[THE DATA — start]

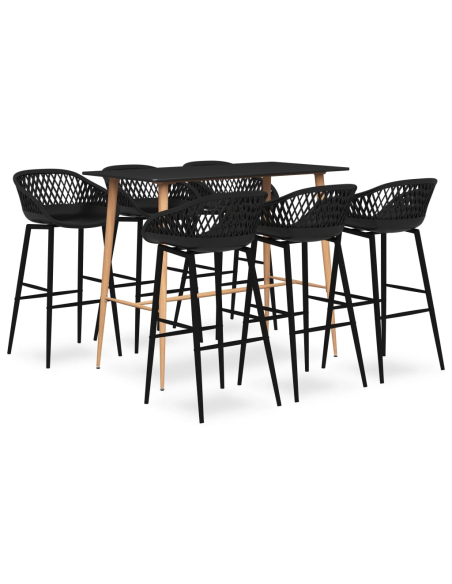 Ensemble Table mange debout Scandinave avec 6 tabourets - Noir - Bois et métal 
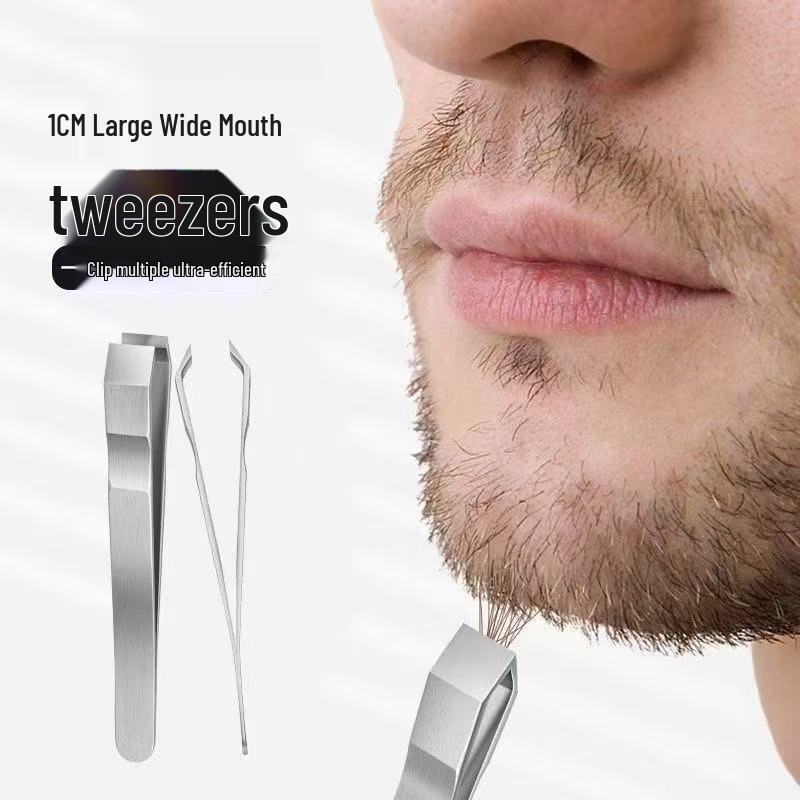 Wide-Mouth Tweezers for Beard & Hair Removal, Tiger-Mouth Clip for Feather Plucking
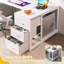 Petit bureau d'ordinateur en L avec 3 tiroirs, lumières à DEL, prise de courant et support pour écran-2003559057-2003559056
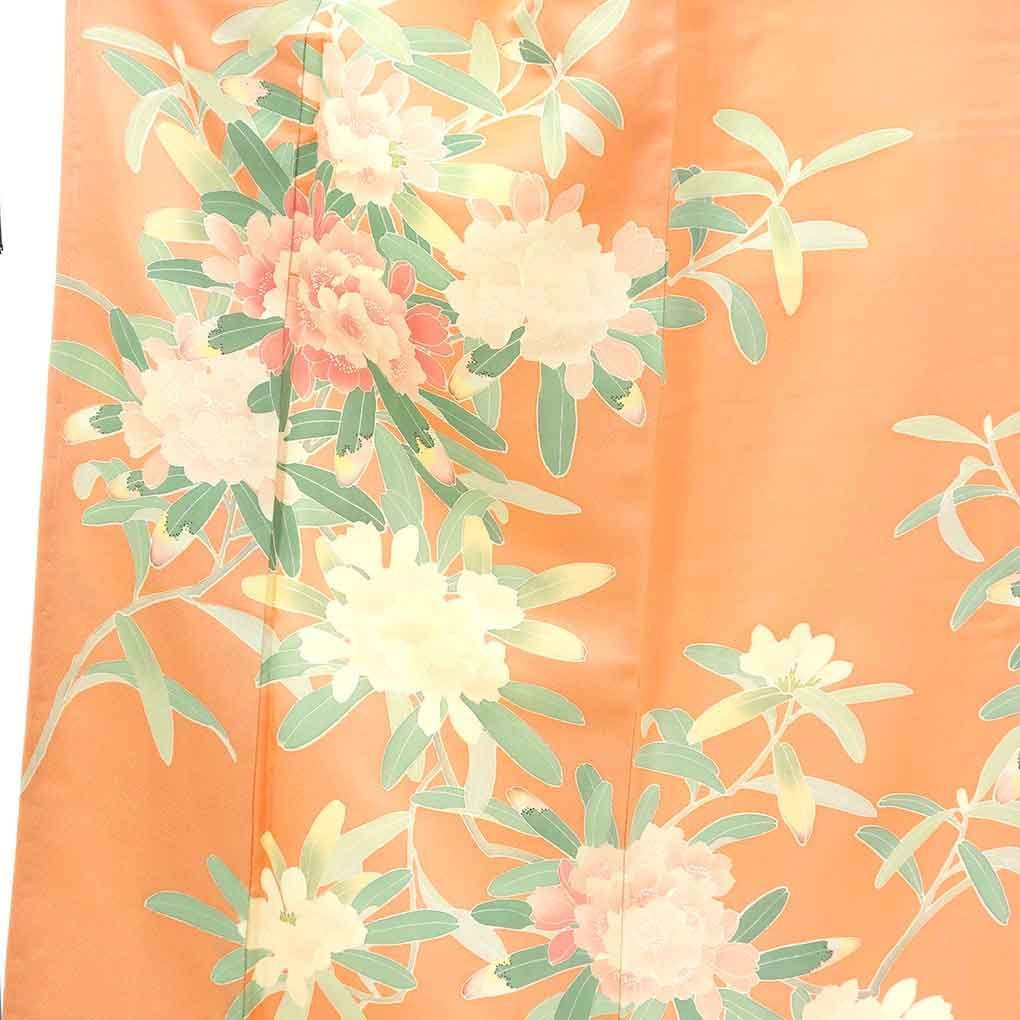 訪問着 身丈161 cm 裄64 前幅24 後幅30 袖丈56 袖幅32 レディース 袷 花柄 裄Mサイズ 秋冬春用 正絹 シルク ピンク リメイク リユース リサイクル 呉服のきくや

[THE DATA — finish]

■ EXERCISE DESCRIPTION
When copying the data above, repeat every word exactly and drop the pictures.

■ REPLY TO THE EXERCISE
 Ensemble Table mange debout Scandinave avec 6 tabourets - Noir - Bois et métal 
 Wide-Mouth Tweezers for Beard & Hair Removal, Tiger-Mouth Clip for Feather Plucking
 Petit bureau d'ordinateur en L avec 3 tiroirs, lumières à DEL, prise de courant et support pour écran-2003559057-2003559056
 訪問着 身丈161 cm 裄64 前幅24 後幅30 袖丈56 袖幅32 レディース 袷 花柄 裄Mサイズ 秋冬春用 正絹 シルク ピンク リメイク リユース リサイクル 呉服のきくや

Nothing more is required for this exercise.